Ядром из крепости под Суворовым убило лошадь. Его самого, еще не оправившегося как следует от кинбурнских ран, пулею садануло в плечо. Гренадеры стали отходить. Тогда залитый кровью командующий повалился на землю с криком:

— Орлы! Вас не отбили, а меня убили… Неужто не отомстите? Стойте! Поднимите меня и, с Богом, вместе со мною — вперед.

Он вскочил на ноги:

— Оживили! Оживили!

А в это время из ворот — новые сотни и тысячи янычар. Впереди же атакующих — громадные собаки. Голодные. Злые. Специально содержавшиеся для травли на людей…

Следовало спасать обреченных. В ставке князь Репнин стоял перед Потемкиным.

— Ваше сиятельство, момент наитрагичный! Коли вы не дали подмоги, не берите на душу грех до конца — выручайте Суворова и его смельчаков. Не себя же ради генерал-аншеф пошел на сие предприятие.

— Этот сумасброд и ослушник? Нет, он меня пред государынею решился посрамить, всю славу победы себе одному забрать. Мало ему Кинбурна! Но я не дурак. Я не дам ему отличиться.

Репнин терял терпение.

— Не минуты — секунды ускользают, сыплются, как песок в песочных часах.

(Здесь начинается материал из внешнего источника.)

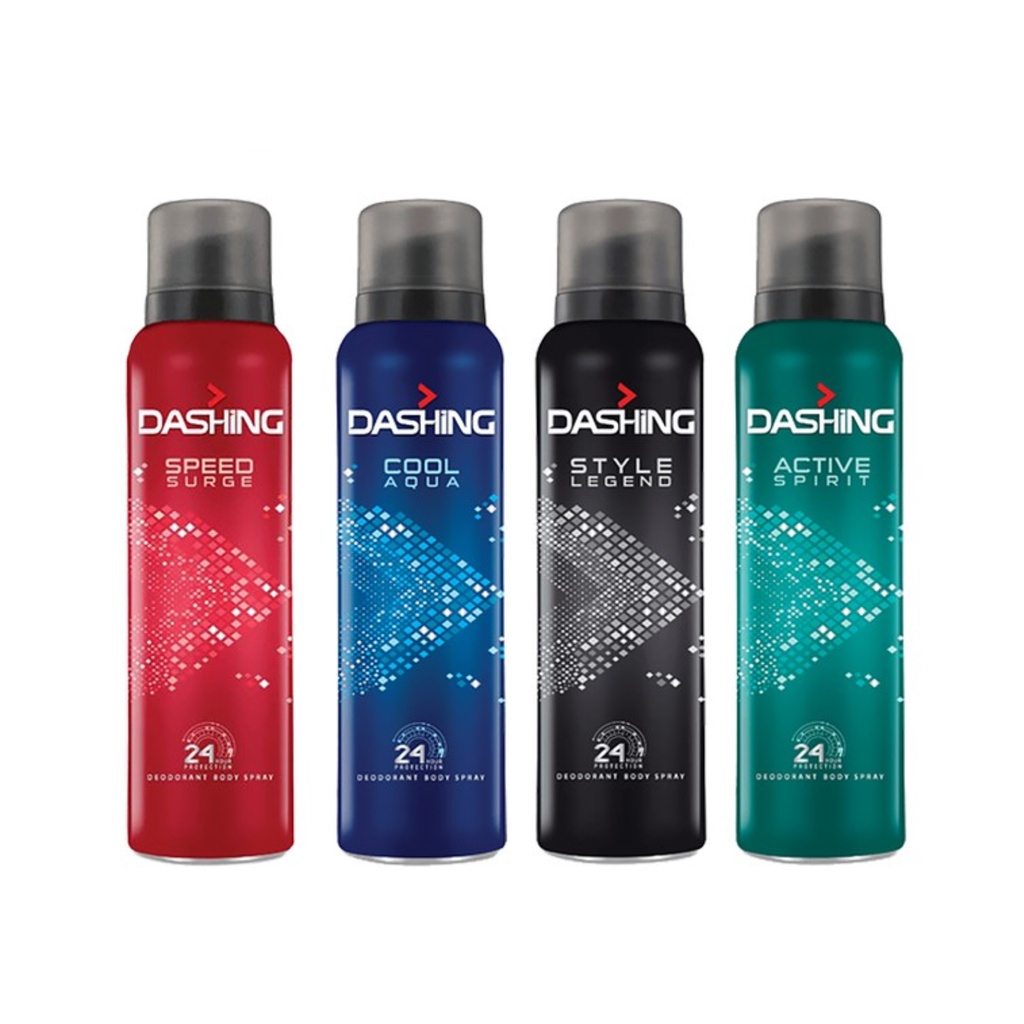 Dashing Deo Body Spray 125ml ( Active Spirit / Cool Aqua / Speed Surge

Еще промедление — и некого будет выручать; Прикажите взять кирасирский полк.

Ценою своих жизней кирасиры остановили гибель и зверские расправы над смельчаками. В сей последней схватке Суворов получил вторую рану… А после боя — гневное послание Потемкина.

Светлейший решился на штурм лишь шестого декабря 1788 года, когда уже в армии не осталось, сил ждать. Начались болезни, голод. Чтобы спастись в степи от стужи, на кострах жгли телеги. А на очаковских стенах каждый день появлялись новые и новые отрубленные головы русских солдат. Так янычары отмечали каждую свою вылазку из городских ворот, забирая в плен тех, кто в русских окопах и так умирал от истощения, ран и жгучих морозов.

Подпоручик Багратион с солдатами своего Кавказского мушкетерского полка оказался в первой линии идущих на штурм.

Собственно говоря, мало было полков, что не участвовали в деле в самых первых рядах. Так, где-то рядом с кавказцами шла пехота ярославцев. Они прибыли под Очаков недавно, и вел их полковник с нерусской вроде бы фамилией де Лицын.

Александр Александрович — так звали этого офицера — в первый же день разыскал князя Багратиона и отрекомендовался мужем Анны Александровны.

Господи, тетя писала, что вышла замуж и что муж ее — побочный сын князя Александра Михайловича. Отсюда и такая странная фамилия Лицын, сокращенно от Голицына.

Встретились. Обещали после штурма увидеться вновь и уж тогда наговориться всласть о близком обоим.

Крепость огрызалась ожесточенно — пулями, ядрами. Летели из-за стен даже огромные каменья, выливались на головы атакующих котлы кипятка и нечистот. Однако и натиск штурмующих был неистов — в бой вели гнев и отчаяние.